Many are in this pretence of being tough and independent, but I shall be the first to admit that I'll kill myself if I'm going to live life without anyone. That would mean me alone in the world. Is that even possible.
I'm even more jaded when I'm in the slums compared to me out in the world, on the go for some kind of fun. This routinary life is fucked up. No way am I going to continue my life with that after 12 years of education.
The only comfort I can get was by reading about people lives from different era, of people from the Bronte sisters to Marilyn Monroe, from Shakespeare to Michael Jackson, everyone is in their own kind of struggle. Struggle and pain are inundated in life. No matter how improved we are, how advanced and all those shit, we are still in this struggle. It's a common oppression everyone seems to undergo.
It makes me question where the hell is the humanity everyone is talking about? Or maybe struggling is part of humanity. Did I just answer my question. Fuck.

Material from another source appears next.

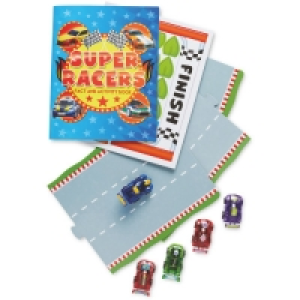 Super Racers Book and Toy
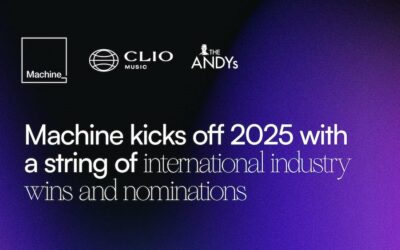 Machine kicks off 2025 with a string of international industry wins and nominations 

After reading what I just rambled, you would advise me to grab some rest cause I appear tired. But guess what, everyday I go through this tiresome and helpless process of struggle. And many times I don't know what the heck I'm struggling for/with.
Fuck. People use this word because they just don't know any other way to describe the feeling they are experiencing. And it's the shortest way to express that deepest and lowest emotion. Apathy w grief.
****************CHEAP THRILLS W SOME TEQUILA.
The whole week I'm either stuck in the library or home attempting to study. And I think I'll seriously flung my midyears badly. Real bad. I've no motivation to study. And everyday, I dread. HOW? :(
I need some fun.
On a personal note...
Walking down memory lane-opening boxes of notes, letters, photos and gifts. Reminiscing some wonderful good ol' days. Pangs of anxiety and frustration stirred within my heart. I regretted at some point. Regretted not mustering that courage to face up with my feelings and the people around me. Regretted that a relationship I used to hide has transformed into cycles of emotional wreck.
I don't believe that everything happens for a reason. Most of the time we make up that reason for what has happened. We elude ourselves and play pretence. Things happen because we cause it to happen be it intentionally or unknowingly. We make decisions of what's going to happen next. It's simply the idea of cause and effect.
I tried to reason out the things that happen in my life. But i realise there's no other way in finding answers except through asking the heart what it truly wants.
I learn to face up with my feelings whether or not it's deemed to be wrong or immoral in the eyes of others. So what if people disapprove of me, at least I'm true to myself. And I assure that I'm true to my friends. Guess what people who disapprove are usually the biggest liars. They lie to people who they really are. Worst of all, they lie to themselves, denying of what they want. These 'friends' are so sincere aren't they?
They make me laugh. And luckily, you showed me your true colours when you yelled at me outside the lecture theatre during a supposed renewing camp. Cause now I know I don't have to play your game anymore.
Stop pretending you're all holy, pretending you embrace all sorts of people when you actually asked people to leave. I will never forget how this Christian ask me to leave because She thinks I'm inappropriate. You're damn fake.